Pelaksanaan TKA berlangsung tertib di lingkungan Rutan Sumenep dengan pengawasan petugas serta pendampingan dari pihak terkait. Para peserta mengikuti ujian dengan antusias sebagai bagian dari proses pendidikan yang mereka jalani selama berada di dalam rutan.
Program pendidikan kesetaraan di Rutan Sumenep merupakan hasil kolaborasi antara Rutan Kelas IIB Sumenep dan Dinas Pendidikan Kabupaten Sumenep. Kerja sama tersebut bertujuan memberikan kesempatan yang sama kepada warga binaan untuk memperoleh pendidikan, meskipun sedang menjalani masa pidana.
Dalam kesempatan itu, Mohamad Iksan mengapresiasi komitmen Rutan Sumenep yang terus berupaya menghadirkan layanan pendidikan bagi warga binaan.
Menurutnya, pendidikan merupakan hak dasar yang harus tetap dipenuhi bagi setiap warga negara tanpa terkecuali.

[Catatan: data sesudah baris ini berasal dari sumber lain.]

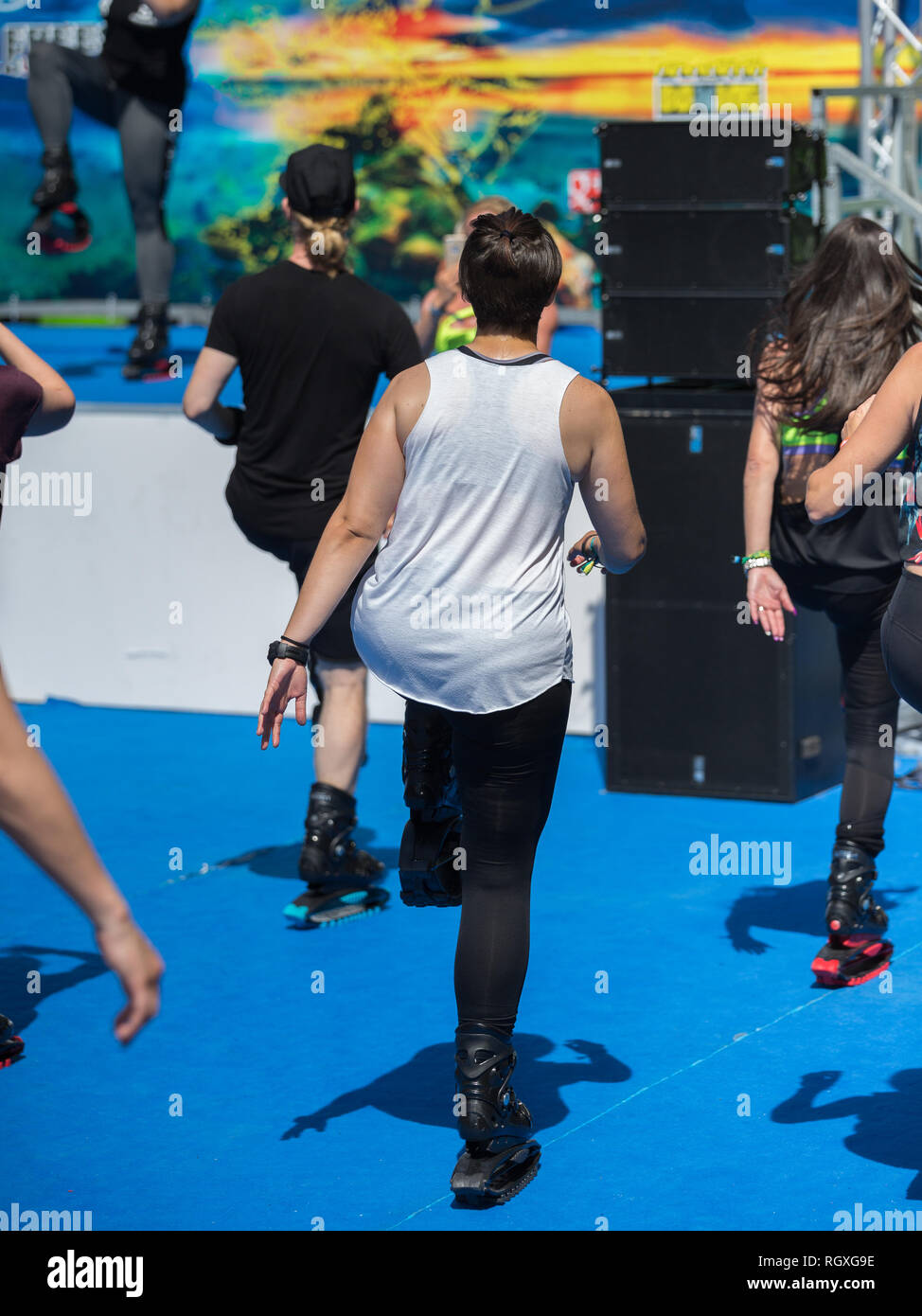 People in the Gym doing Fitness Exercises with Special Elastic and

“Kami mengapresiasi langkah Rutan Sumenep yang telah memberikan ruang dan fasilitas bagi warga binaan untuk terus belajar. Pendidikan menjadi bekal penting bagi mereka agar memiliki kesempatan yang lebih baik ketika kembali ke tengah masyarakat,” ujarnya.
Ia juga memastikan bahwa pelaksanaan Tes Kompetensi Akademik berjalan sesuai ketentuan yang berlaku, sehingga hasil yang diperoleh benar-benar mencerminkan kemampuan peserta didik.

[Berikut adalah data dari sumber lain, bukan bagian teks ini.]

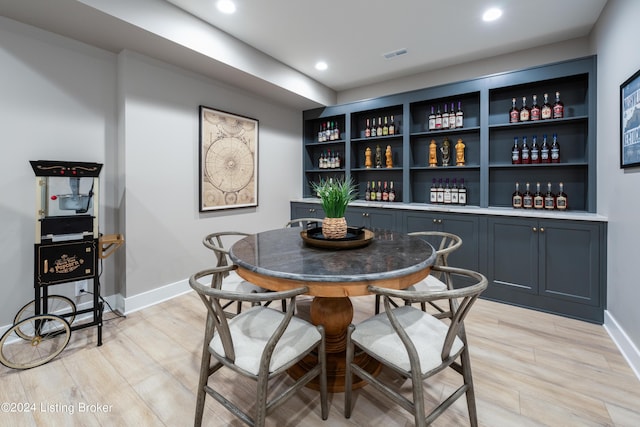 dining room featuring bar area and light wood-type flooring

Sementara itu, Kepala Rutan Kelas IIB Sumenep, Aditya Wahyu Rahmadani, menegaskan bahwa pendidikan menjadi salah satu aspek penting dalam program pembinaan warga binaan.
“Kami berkomitmen untuk memastikan warga binaan tetap mendapatkan hak pendidikan. Melalui kerja sama dengan Dinas Pendidikan, kami berharap program ini dapat memberikan bekal ilmu pengetahuan yang bermanfaat bagi warga binaan saat kembali ke masyarakat,” kata Aditya.

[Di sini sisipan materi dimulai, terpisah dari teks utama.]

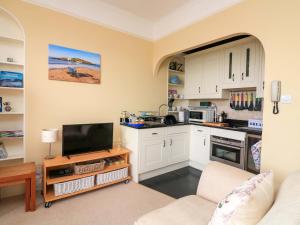 a kitchen with white cabinets and a tv in a room at 3 Dartview in Dartmouth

Menurutnya, pembinaan yang diberikan di Rutan Sumenep tidak hanya berfokus pada aspek kepribadian dan kemandirian, tetapi juga mencakup peningkatan kapasitas intelektual melalui akses pendidikan yang berkelanjutan.
Dengan terselenggaranya TKA Paket B tersebut, Rutan Sumenep kembali menunjukkan komitmennya dalam menghadirkan pembinaan yang komprehensif bagi warga binaan.
Melalui sinergi dengan Dinas Pendidikan Kabupaten Sumenep, diharapkan para warga binaan dapat memperoleh pengetahuan dan keterampilan yang menjadi bekal berharga saat kembali menjalani kehidupan di tengah masyarakat.
Program ini sekaligus menjadi bukti bahwa pendidikan dapat menjadi sarana penting dalam proses pembinaan dan reintegrasi sosial, sehingga warga binaan memiliki peluang lebih besar untuk membangun masa depan yang lebih baik setelah menyelesaikan masa hukumannya.